Mas, a partir de entonces, todo se apacigua. Ursino debió de morir, porque no
se vuelve a hablar más de él.
Los
partidarios de Ursino no fueron los únicos en crear preocupaciones a San
Dámaso. Al lado del antipapa se agitaban durante todo este tiempo los titulados
obispos cismáticos; luciferianos, donatistas y novacianos. Roma era un avispero
de sectas, y el Papa tuvo que luchar contra su intransigencia, como en el caso
de los donatistas, descendientes de los antiguos montanistas africanos. Su
campeón, el presbítero Macario, condenado al destierro, murió de las heridas
que recibiera al ser apresado, aunque la elección de otro obispo significó un
nuevo competidor contra Dámaso. En medio de tantas dificultades, el gran
Papa pensaba en la Iglesia universal. En punto a herejías, su mayor
preocupación era el arrianismo. Roma se había pronunciado abiertamente contra
las doctrinas arrianas en el concilio de Nicea y siempre había mantenido una
línea clara en este punto. Al tiempo de la elección de San Dámaso eran arrianos
los obispos Restituto de Cartago y Auxencio de Milán, y otros muchos del
Ilírico y, sobre todo, de la región del Danubio. El emperador no quería
problemas por causa del arrianismo, y la situación era dudosa. En 369 San
Atanasio escribe ad Afros, a los obispos de Egipto y Libia, y habla del
"querido Dámaso", pero muestra su inquietud por el estado de cosas de
Occidente. Un poco después otra carta del mismo santo obispo habla de recientes
concilios reunidos en las Galias y España, y en la misma Roma, en que se
tomaron medidas contra Auxencio de Milán.

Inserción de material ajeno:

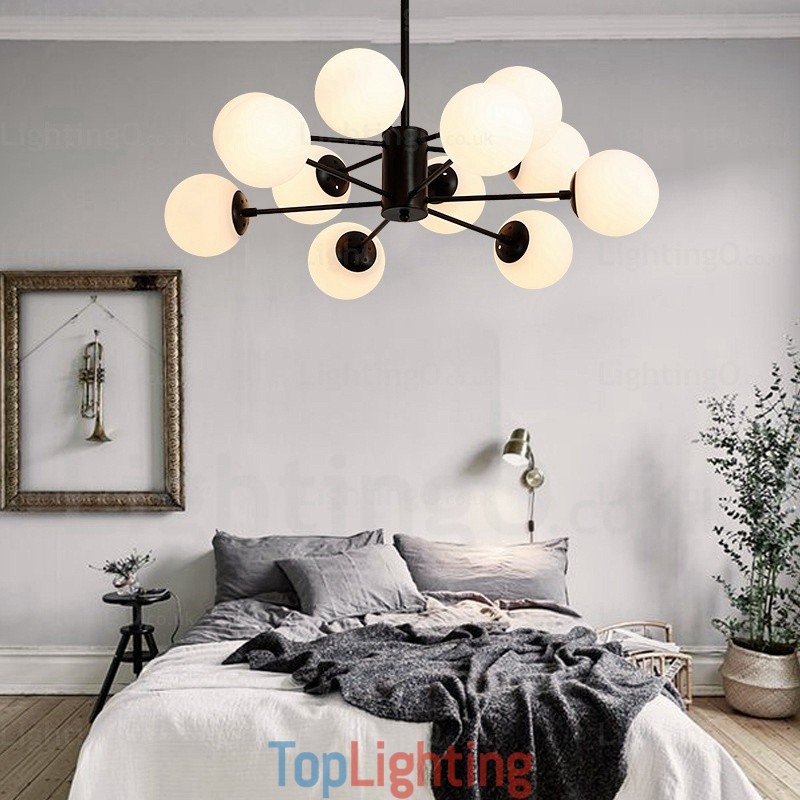 12 Light Nordic Chandelier with Glass Shade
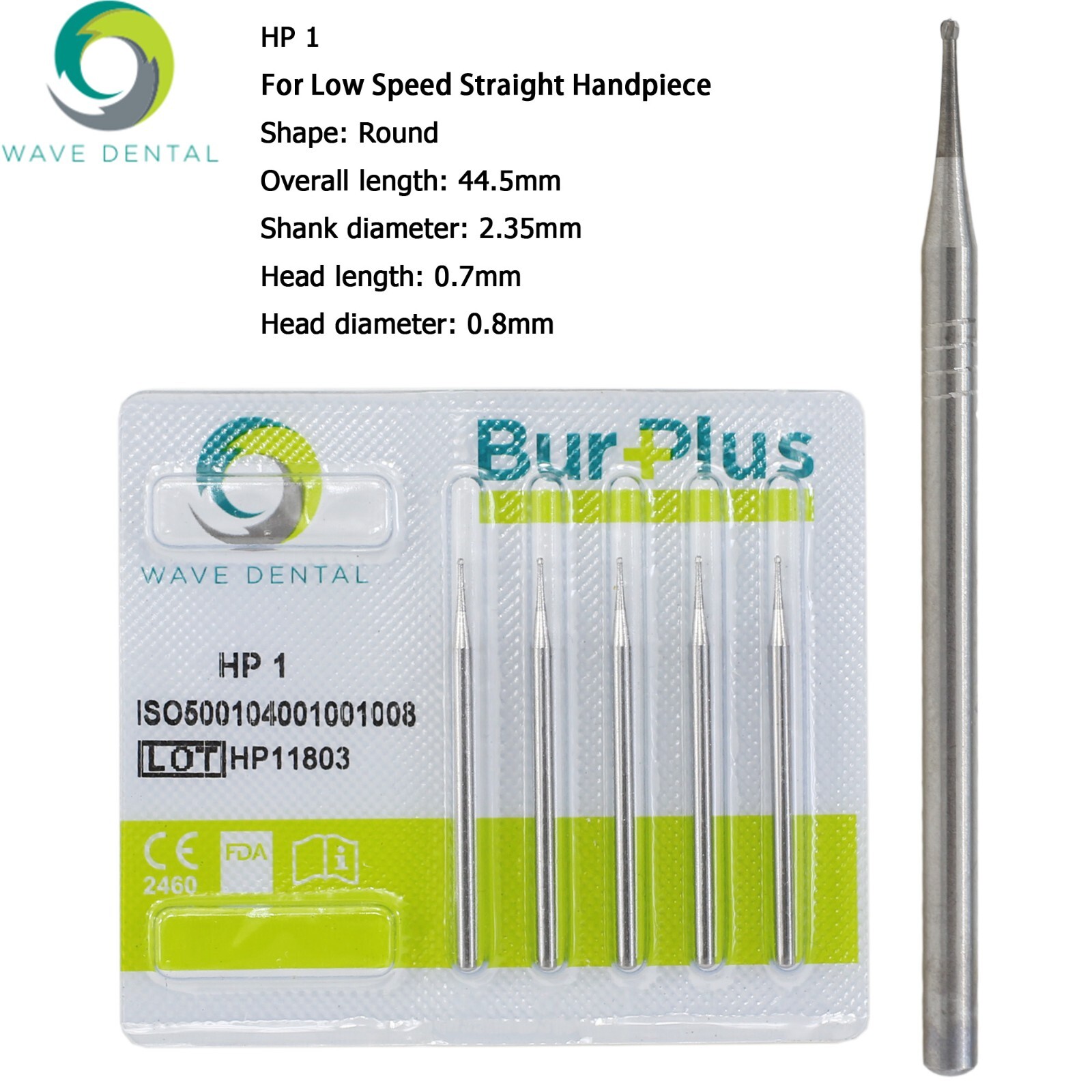 Wave Dental Carbide Burs HP Round 1/4 2 4 6 8 For Low Speed Straight Handpiece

El concilio de Roma nos es conocido
por la carta Confidimus, del propio San Dámaso a los obispos de Ilírico. Esta
carta es una firme declaración de los principios de Nicea. Pero fue necesario
esperar la muerte de Auxencio, en 374, para reemplazarle por un obispo
ortodoxo: San Ambrosio. En la región dalmaciana (Ilírico) el arrianismo
conservó durante mayor tiempo su hegemonía, aunque en 481 el concilio de
Aquilea, en el que San Dámaso no llegó a intervenir, condenó vigorosamente los
manejos de los herejes.
En
Oriente la política religiosa del Papa tuvo menos éxito, porque la situación
era más embrollada. Los católicos estaban divididos a causa del cisma de
Antioquía. Los unos eran partidarios de Melecio, que había sido elegido según
regla: los otros se inclinaban a favor de Paulino. San Basilio de Cesarea era
el jefe de los primeros, y con él casi todo el episcopado oriental. Pero Roma,
bajo la influencia de San Atanasio, se había pronunciado por el segundo. A
partir de 371 fueron llevadas a cabo largas y penosas negociaciones por San
Basilio para obtener la condenación explícita de Marcelo de Ancira y después la
de Apolinar de Laodicea, así como el reconocimiento de Melecio de Antioquía.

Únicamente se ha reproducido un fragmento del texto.